§ SOURCE DATA
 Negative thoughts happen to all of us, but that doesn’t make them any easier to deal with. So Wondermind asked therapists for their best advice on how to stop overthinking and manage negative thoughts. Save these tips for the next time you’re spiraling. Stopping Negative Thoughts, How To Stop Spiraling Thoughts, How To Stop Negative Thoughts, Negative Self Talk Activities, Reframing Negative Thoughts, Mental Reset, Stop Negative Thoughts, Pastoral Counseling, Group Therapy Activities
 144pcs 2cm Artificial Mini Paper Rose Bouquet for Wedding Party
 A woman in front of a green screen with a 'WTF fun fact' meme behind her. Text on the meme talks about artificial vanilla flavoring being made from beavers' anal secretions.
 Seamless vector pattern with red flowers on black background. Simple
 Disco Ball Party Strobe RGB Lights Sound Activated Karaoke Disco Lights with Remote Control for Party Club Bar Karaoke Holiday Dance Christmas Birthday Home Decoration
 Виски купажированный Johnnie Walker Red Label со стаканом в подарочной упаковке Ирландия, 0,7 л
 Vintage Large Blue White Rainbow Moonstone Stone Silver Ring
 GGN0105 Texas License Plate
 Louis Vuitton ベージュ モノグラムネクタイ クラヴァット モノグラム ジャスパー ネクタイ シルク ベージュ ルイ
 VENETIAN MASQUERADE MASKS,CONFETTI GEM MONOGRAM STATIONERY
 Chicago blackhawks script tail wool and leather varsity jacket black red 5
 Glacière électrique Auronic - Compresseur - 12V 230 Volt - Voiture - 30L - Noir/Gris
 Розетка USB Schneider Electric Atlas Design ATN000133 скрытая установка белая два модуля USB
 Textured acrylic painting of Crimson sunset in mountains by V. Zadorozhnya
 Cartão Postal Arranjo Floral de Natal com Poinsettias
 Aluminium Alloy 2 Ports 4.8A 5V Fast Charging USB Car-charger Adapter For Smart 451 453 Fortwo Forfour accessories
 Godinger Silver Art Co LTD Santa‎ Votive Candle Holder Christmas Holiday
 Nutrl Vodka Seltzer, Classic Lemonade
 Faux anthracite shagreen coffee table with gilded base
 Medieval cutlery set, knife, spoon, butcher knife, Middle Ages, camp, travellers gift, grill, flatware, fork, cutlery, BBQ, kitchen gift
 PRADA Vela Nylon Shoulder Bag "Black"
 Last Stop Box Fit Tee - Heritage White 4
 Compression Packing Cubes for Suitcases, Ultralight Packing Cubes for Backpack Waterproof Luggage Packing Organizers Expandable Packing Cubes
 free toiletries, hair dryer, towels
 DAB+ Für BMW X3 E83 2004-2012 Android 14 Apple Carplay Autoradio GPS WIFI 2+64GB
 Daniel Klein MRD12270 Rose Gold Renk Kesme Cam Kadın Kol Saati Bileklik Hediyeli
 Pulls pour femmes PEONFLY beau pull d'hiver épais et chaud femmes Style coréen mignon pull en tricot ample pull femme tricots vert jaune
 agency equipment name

§ YOUR OBJECTIVE
Only these are to be transcribed: the line with "Pulls pour femmes" and every line after it through the last line of the entries, each exactly.

§ EXPECTED ANSWER
 Pulls pour femmes PEONFLY beau pull d'hiver épais et chaud femmes Style coréen mignon pull en tricot ample pull femme tricots vert jaune
 agency equipment name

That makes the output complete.